§ WHAT YOU ARE ASKED TO DO: Tally the lines below that contain the word "Maison". Only the total should be given.

§ INFORMATION PROVIDED:
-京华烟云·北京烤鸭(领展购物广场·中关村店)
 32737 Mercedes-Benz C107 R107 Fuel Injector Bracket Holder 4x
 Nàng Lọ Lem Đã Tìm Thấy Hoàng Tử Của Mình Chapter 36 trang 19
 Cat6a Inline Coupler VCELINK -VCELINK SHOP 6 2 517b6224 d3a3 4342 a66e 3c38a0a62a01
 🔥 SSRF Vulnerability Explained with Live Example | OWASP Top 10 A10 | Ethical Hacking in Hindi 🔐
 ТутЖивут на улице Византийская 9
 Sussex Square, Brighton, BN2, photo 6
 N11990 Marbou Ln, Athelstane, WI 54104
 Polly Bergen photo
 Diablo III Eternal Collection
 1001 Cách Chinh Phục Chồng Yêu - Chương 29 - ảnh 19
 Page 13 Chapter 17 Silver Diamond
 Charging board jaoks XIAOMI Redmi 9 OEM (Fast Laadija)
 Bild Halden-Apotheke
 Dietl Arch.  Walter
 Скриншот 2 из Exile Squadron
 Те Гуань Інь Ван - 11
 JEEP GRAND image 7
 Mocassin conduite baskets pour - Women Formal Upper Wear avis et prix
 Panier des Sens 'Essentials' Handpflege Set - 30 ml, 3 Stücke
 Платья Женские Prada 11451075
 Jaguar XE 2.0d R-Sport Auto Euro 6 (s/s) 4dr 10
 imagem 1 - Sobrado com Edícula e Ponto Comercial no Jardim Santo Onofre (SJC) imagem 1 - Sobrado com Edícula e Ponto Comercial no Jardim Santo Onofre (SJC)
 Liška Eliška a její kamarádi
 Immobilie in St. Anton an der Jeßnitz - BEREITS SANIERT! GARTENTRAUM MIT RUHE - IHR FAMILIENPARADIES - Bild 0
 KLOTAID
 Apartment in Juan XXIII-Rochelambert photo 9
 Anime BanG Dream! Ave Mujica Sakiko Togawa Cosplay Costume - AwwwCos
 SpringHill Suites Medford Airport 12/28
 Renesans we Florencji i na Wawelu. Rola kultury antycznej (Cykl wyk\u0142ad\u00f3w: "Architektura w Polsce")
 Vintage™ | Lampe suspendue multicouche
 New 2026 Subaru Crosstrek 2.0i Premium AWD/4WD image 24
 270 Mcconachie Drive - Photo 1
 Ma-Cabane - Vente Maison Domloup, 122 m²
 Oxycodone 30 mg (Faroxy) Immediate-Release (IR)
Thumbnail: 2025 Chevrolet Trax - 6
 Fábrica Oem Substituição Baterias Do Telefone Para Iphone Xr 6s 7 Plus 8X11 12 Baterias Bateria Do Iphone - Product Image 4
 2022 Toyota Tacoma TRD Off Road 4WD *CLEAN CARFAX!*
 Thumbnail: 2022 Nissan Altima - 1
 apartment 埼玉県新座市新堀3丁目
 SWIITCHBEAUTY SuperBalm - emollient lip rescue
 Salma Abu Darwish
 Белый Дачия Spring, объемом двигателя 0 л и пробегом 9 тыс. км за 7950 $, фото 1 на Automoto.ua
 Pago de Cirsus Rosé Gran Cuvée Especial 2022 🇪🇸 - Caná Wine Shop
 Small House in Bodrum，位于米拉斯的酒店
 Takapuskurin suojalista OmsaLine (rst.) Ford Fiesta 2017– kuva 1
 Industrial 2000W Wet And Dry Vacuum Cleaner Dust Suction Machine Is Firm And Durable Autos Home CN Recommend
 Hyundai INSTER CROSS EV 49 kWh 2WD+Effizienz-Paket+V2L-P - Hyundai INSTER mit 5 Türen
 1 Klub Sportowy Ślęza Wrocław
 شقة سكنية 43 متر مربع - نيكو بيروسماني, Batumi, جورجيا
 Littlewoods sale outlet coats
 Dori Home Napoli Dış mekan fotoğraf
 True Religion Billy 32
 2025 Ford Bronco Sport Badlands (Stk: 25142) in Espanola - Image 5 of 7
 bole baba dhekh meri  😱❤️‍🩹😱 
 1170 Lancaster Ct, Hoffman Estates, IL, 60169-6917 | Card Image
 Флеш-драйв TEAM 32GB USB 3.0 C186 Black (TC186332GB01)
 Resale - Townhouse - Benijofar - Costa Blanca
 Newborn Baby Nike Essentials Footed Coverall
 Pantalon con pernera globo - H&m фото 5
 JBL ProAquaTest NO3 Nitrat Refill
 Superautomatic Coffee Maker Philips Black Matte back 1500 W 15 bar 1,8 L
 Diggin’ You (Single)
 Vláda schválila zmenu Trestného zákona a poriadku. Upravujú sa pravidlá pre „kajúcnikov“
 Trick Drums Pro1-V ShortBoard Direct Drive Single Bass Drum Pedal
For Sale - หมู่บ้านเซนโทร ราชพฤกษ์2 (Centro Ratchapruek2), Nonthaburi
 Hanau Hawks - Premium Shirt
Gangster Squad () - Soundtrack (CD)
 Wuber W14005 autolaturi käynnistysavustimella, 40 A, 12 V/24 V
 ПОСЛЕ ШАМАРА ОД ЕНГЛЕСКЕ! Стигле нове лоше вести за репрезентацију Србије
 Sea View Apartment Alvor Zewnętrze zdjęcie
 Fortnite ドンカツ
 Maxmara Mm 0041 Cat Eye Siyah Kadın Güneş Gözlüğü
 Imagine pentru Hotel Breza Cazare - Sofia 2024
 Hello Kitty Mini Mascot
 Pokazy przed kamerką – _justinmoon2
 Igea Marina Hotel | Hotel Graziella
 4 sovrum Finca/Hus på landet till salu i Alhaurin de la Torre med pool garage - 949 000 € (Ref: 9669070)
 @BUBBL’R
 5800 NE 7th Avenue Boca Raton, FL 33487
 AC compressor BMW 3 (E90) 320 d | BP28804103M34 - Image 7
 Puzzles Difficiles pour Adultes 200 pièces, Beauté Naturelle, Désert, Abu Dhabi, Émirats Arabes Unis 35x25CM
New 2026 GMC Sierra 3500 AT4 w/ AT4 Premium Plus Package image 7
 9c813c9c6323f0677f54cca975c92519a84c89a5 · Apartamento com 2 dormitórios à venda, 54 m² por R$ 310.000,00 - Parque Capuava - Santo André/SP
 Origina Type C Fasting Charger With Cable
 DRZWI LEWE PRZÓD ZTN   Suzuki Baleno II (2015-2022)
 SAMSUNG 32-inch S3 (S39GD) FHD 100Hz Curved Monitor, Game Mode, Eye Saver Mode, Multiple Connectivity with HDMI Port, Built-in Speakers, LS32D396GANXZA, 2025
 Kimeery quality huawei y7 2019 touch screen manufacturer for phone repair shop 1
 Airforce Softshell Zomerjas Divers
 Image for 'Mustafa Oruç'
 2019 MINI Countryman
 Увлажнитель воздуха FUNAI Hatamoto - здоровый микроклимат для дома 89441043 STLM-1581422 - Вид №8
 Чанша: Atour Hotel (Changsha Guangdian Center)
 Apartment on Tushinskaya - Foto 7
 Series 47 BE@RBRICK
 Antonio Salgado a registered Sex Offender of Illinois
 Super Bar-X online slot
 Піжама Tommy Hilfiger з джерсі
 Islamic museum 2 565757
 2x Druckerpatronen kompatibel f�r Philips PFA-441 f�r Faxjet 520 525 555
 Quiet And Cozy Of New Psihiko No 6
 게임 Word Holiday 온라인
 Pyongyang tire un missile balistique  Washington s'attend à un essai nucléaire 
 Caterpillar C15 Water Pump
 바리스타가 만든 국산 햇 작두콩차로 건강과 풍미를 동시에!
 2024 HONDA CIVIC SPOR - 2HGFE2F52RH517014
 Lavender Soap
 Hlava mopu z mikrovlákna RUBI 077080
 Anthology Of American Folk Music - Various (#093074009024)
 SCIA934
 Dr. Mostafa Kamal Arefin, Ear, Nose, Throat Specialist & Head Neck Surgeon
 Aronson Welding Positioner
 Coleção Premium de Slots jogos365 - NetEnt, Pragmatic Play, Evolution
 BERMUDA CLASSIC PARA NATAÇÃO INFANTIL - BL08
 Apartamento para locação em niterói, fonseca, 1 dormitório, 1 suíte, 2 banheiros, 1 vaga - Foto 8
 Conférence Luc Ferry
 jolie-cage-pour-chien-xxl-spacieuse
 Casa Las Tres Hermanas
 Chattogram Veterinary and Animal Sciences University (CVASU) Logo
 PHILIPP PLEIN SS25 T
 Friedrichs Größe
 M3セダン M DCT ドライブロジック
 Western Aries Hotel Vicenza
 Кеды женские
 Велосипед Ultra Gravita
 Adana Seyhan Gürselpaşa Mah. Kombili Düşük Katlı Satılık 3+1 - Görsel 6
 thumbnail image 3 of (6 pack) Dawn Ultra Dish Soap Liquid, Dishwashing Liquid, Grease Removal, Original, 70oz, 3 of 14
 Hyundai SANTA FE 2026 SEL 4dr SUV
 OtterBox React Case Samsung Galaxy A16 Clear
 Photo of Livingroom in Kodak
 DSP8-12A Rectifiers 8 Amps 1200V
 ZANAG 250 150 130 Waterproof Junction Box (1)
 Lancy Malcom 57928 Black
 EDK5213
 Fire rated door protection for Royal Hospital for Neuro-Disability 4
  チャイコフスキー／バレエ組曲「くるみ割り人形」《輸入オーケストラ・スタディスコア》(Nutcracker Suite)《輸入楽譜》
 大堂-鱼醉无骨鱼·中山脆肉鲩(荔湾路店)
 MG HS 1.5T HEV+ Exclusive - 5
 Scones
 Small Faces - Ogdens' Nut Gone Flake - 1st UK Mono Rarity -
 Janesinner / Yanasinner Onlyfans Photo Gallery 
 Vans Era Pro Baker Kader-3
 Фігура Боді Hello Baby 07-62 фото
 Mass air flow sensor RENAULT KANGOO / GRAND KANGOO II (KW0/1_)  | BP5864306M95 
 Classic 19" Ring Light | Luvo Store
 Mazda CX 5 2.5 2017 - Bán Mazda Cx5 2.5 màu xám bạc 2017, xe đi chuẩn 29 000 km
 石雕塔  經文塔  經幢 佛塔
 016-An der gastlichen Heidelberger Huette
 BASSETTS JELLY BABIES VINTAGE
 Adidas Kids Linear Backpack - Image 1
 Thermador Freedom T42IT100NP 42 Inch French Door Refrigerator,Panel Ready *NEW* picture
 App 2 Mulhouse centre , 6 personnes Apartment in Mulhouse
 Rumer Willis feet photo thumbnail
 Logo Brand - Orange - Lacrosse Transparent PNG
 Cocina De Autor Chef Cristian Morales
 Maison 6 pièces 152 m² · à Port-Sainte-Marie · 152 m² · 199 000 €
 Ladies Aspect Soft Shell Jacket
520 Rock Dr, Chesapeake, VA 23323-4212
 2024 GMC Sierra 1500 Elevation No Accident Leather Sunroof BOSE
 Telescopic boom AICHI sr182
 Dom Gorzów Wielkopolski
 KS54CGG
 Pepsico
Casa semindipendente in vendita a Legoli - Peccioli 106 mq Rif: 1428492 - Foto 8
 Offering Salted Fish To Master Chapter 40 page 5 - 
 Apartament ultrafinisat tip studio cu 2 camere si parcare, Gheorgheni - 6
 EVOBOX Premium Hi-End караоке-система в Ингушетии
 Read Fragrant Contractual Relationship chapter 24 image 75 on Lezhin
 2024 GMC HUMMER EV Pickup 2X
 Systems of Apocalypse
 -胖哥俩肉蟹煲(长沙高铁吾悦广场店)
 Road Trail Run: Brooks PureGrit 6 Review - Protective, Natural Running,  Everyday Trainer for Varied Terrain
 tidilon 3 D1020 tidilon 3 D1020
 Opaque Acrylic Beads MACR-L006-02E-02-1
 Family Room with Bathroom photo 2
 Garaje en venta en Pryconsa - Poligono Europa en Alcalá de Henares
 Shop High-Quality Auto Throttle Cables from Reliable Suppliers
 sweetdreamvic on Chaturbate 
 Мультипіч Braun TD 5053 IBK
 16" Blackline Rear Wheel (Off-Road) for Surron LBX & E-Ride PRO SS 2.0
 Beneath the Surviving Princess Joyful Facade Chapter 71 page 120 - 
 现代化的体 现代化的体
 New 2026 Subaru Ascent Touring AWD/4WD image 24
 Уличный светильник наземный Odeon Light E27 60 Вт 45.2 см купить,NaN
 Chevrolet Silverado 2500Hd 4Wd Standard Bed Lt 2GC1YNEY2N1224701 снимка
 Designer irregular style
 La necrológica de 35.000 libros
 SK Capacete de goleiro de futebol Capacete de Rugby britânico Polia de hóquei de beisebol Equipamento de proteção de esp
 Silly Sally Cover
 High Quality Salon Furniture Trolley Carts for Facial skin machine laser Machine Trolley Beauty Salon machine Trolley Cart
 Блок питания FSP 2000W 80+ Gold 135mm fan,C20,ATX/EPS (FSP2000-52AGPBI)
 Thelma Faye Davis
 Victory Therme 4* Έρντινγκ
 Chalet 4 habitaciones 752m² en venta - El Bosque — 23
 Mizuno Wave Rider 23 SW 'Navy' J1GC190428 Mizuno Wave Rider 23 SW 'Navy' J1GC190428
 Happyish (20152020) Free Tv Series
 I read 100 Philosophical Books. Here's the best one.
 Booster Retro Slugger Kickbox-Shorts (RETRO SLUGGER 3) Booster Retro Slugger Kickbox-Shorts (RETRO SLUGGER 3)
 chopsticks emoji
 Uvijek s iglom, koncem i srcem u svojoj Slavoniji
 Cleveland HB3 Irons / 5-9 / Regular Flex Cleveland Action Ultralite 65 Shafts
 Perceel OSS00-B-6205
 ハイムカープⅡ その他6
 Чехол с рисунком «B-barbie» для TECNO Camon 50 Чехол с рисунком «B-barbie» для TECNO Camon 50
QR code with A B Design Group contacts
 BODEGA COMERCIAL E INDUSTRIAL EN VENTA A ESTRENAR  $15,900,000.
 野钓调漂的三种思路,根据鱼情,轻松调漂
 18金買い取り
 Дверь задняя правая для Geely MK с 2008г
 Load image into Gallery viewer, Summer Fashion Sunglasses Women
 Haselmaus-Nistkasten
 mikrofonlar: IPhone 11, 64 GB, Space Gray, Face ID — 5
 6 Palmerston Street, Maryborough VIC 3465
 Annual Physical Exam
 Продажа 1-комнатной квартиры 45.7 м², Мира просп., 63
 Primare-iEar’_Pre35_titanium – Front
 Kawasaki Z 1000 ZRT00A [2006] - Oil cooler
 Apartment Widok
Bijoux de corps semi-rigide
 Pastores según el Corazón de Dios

§ EXPECTED OUTPUT: 2